● **Try it**
The records below are to be restated word for word; their pictures are not.

(Beginning of Exercise materials)

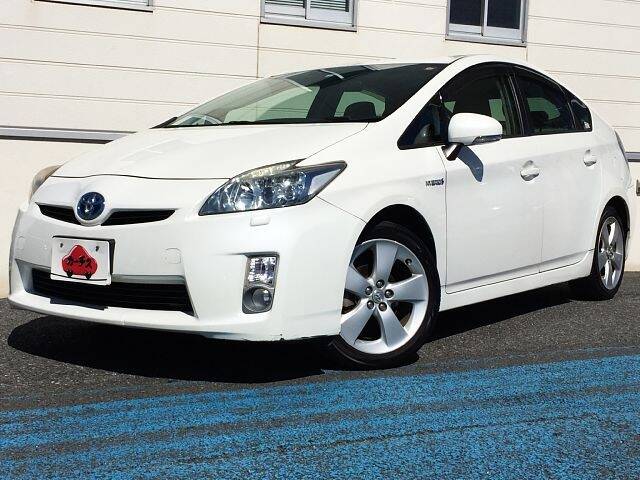 TOYOTA PRIUS S TOURING SELECTION
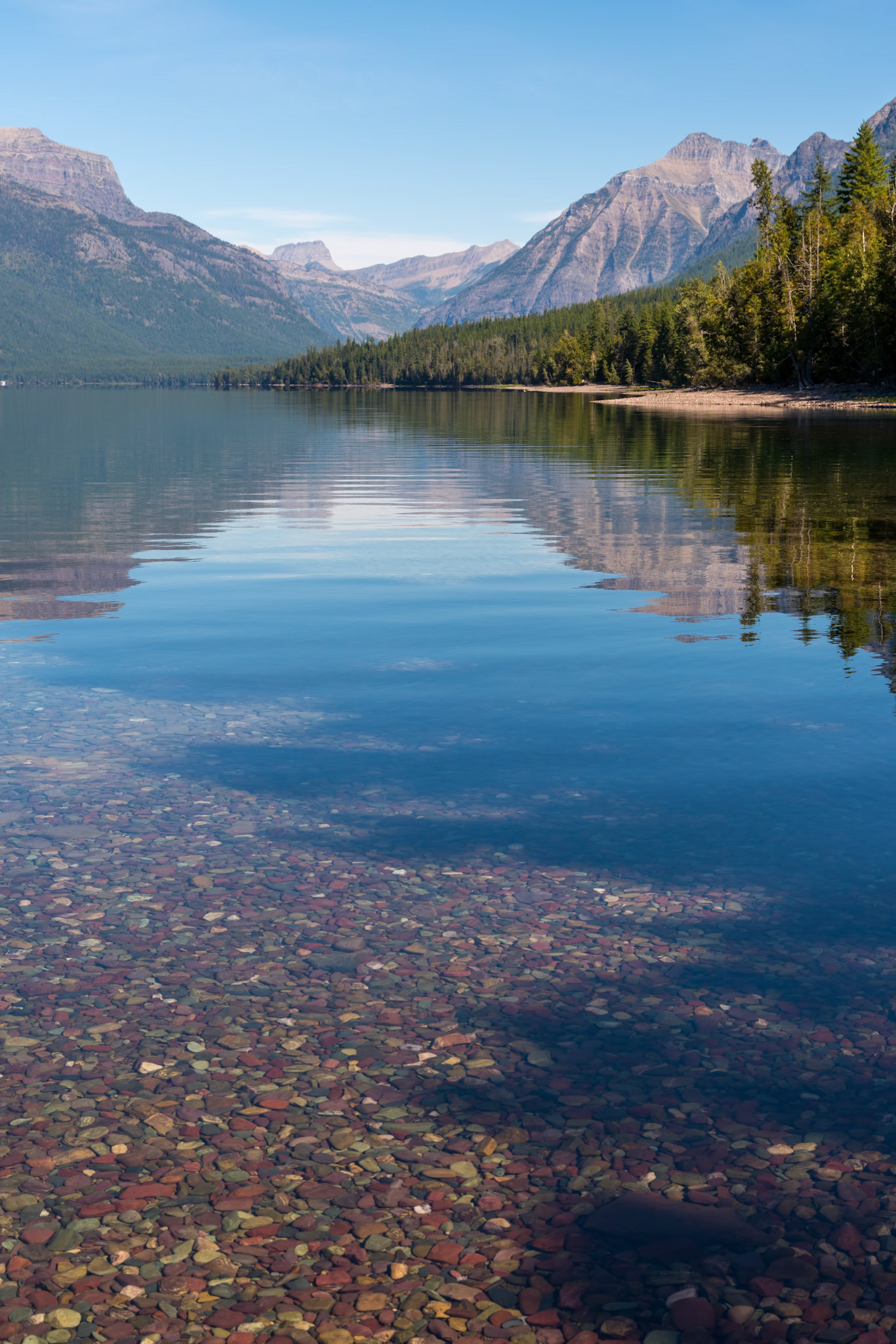 Colourful stones in Lake McDonald near Apgar in Montana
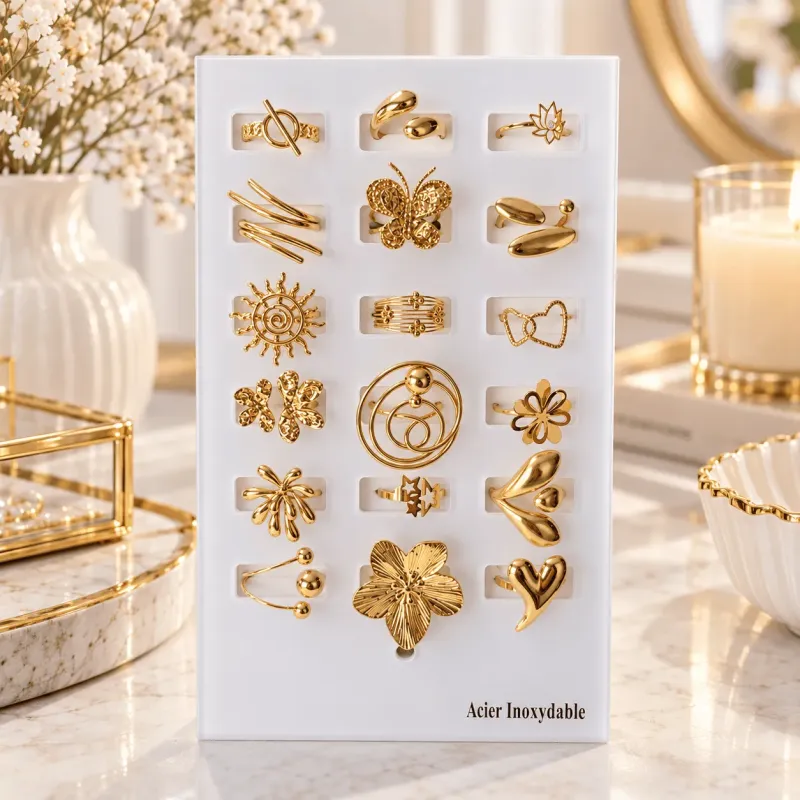 Pack de 18 bagues ajustables en acier inoxydable doré avec présentoir | Grossiste bijoux femme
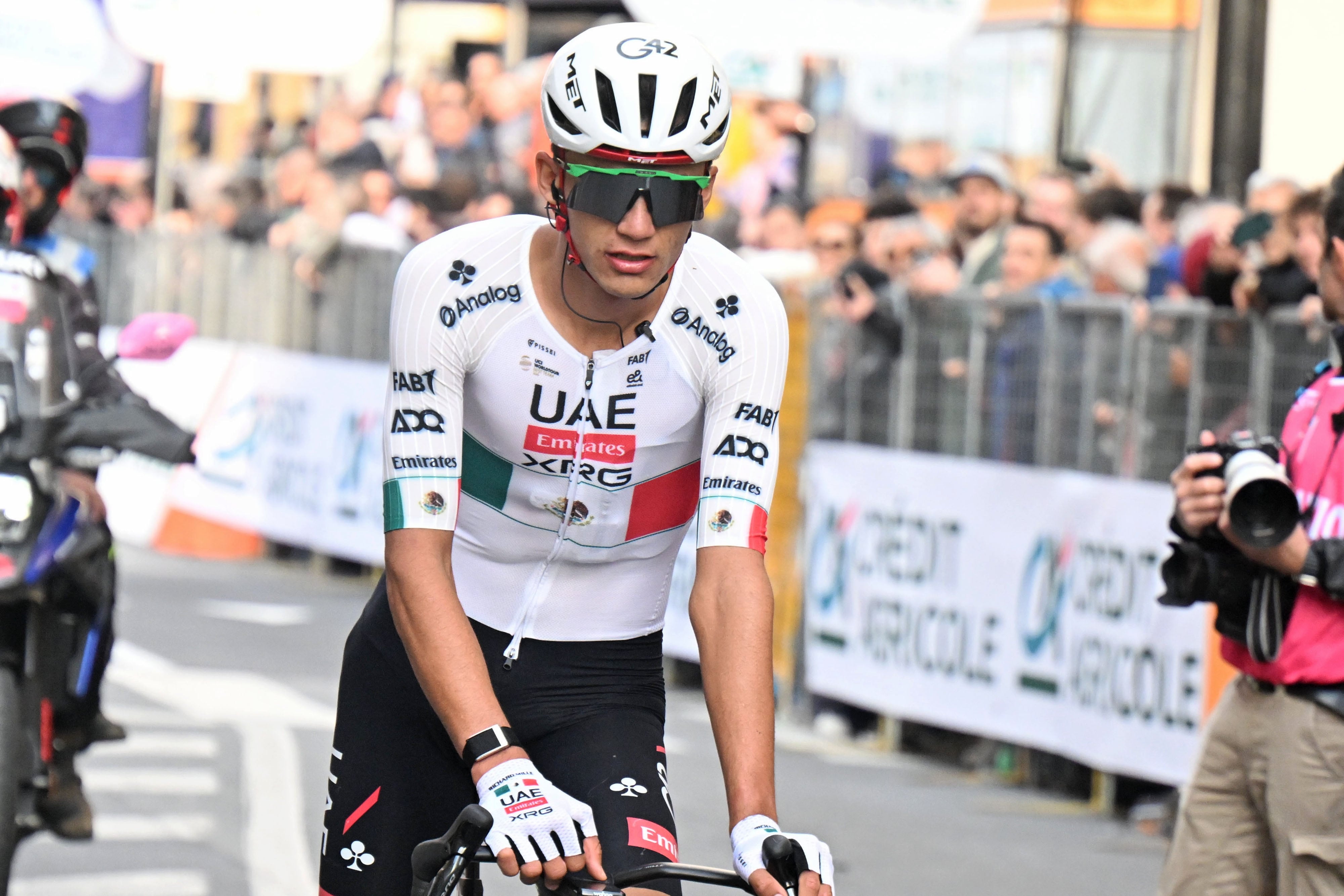 Isaac del Toro finaliza en el puesto 12 de la primera etapa del Tour Auvergne-Rhône-Alpes.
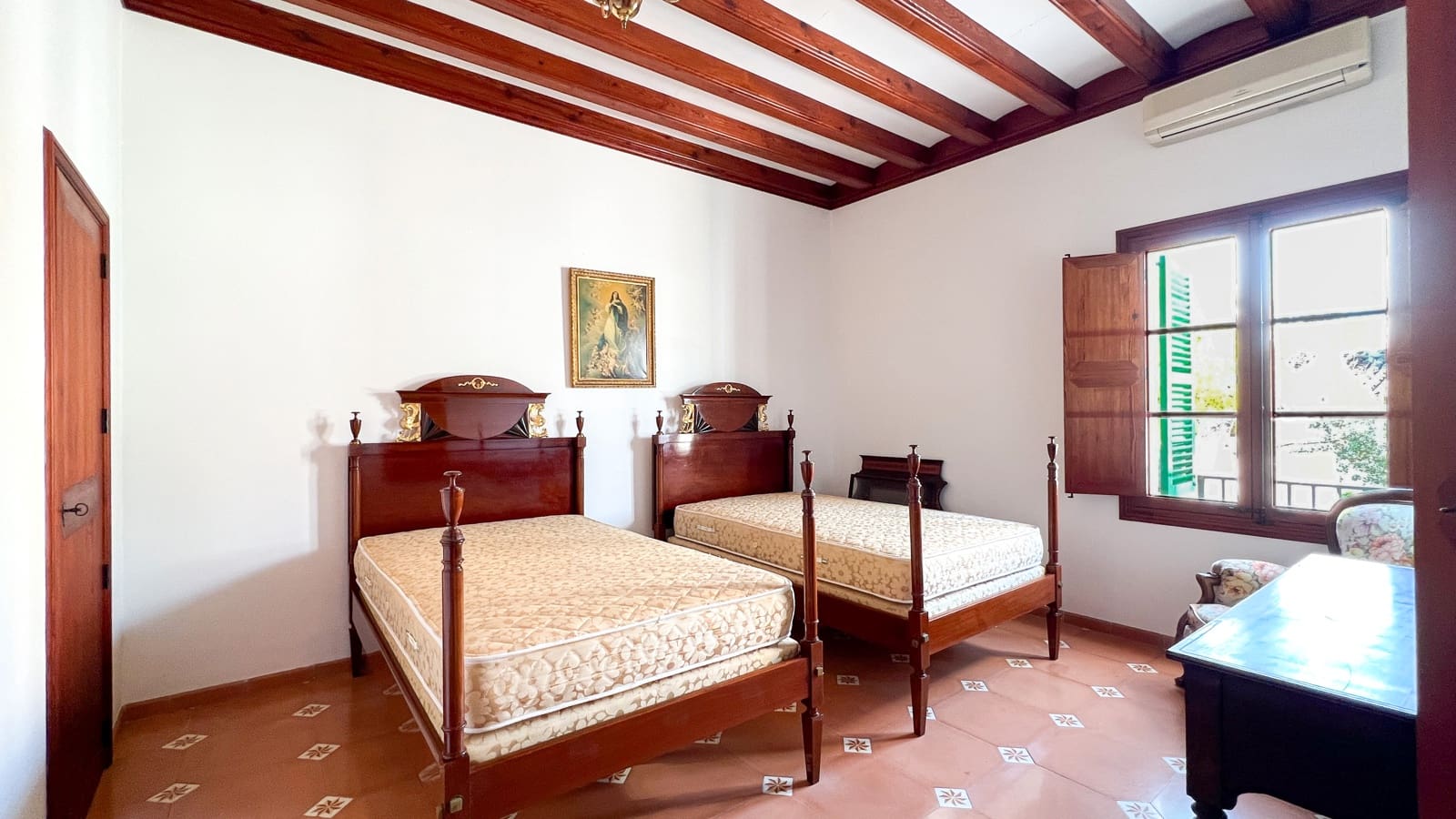 8 soveværelse Byhus til salg i Llucmajor med garage - € 2.000.000 (Ref: 8633877)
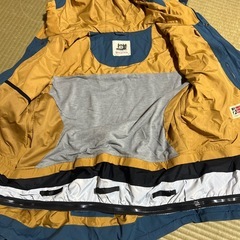 （２回使用のみ）Holden スノーボードジャケットの画像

(End of Exercise materials)

● **Task answer**
 TOYOTA PRIUS S TOURING SELECTION
 Colourful stones in Lake McDonald near Apgar in Montana
 Pack de 18 bagues ajustables en acier inoxydable doré avec présentoir | Grossiste bijoux femme
 Isaac del Toro finaliza en el puesto 12 de la primera etapa del Tour Auvergne-Rhône-Alpes.
 8 soveværelse Byhus til salg i Llucmajor med garage - € 2.000.000 (Ref: 8633877)
 （２回使用のみ）Holden スノーボードジャケットの画像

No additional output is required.